「山本康久氏の証言」から(21)
「わたしが、このことを電報で知ったのは、12月10日か11日、『特潜の収容地点』で艇員の帰りを待っていたときだった。
捕虜になった事情はわからなかったが、当時は、理由のいかんにかかわらず、『捕虜になることは認めない時代』であった。
だから、『気の毒で、かわいそうなことをした。
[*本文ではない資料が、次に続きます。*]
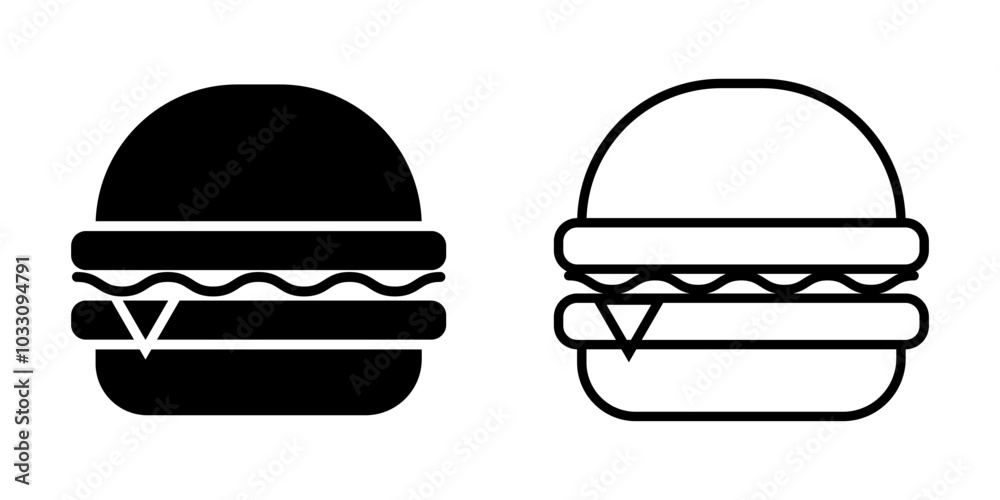Burger set icon on white background Burger set icon on white background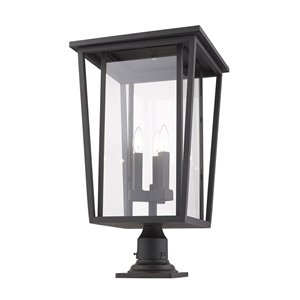 Z-Lite Seoul 3 Light Outdoor Pier Mountable Fixture - 14-in x 25.75-in - Rubbed Bronze/Clear Glass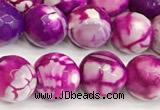 CAA5523 15 inches 10mm faceted round fire crackle agate beads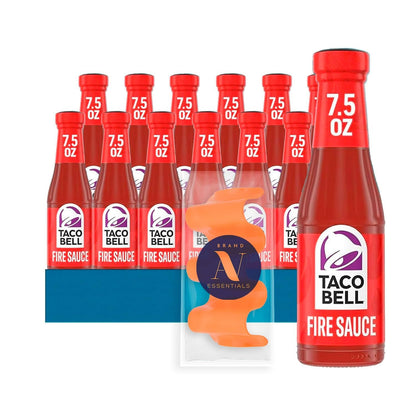 Taco Bell 12-Pack of Fire Sauce, 7.5 oz Glass Bottle + 1 Utility Freebie by Lavinia Essential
困ったことになった』 と、複雑な気持ちになった。
酒巻少尉は、捕虜になった後、アメリカ各地の捕虜収容所を転々と移されるうちに、何度か自決しようと試みたという。
彼が捕虜になるまでの悪戦苦闘の状況、また捕虜になってからの『死以上の苦しい心境』を想像するとき、涙なきを得ない。
酒巻艇の母潜伊24潜の艦長・花房博志中佐は、その後、シドニー特別攻撃隊にも参加して大いに活躍したが、昭和18年6月、北洋アッツ島付近で、艦と運命をともにした。
彼は、生前、『酒巻少尉が捕虜になった責任』を感じて、ひどく心を痛めていたようだった。」
(以上、当時の司令・佐々木半九さんの書かれた「決戦特殊潜航艇」より要約)。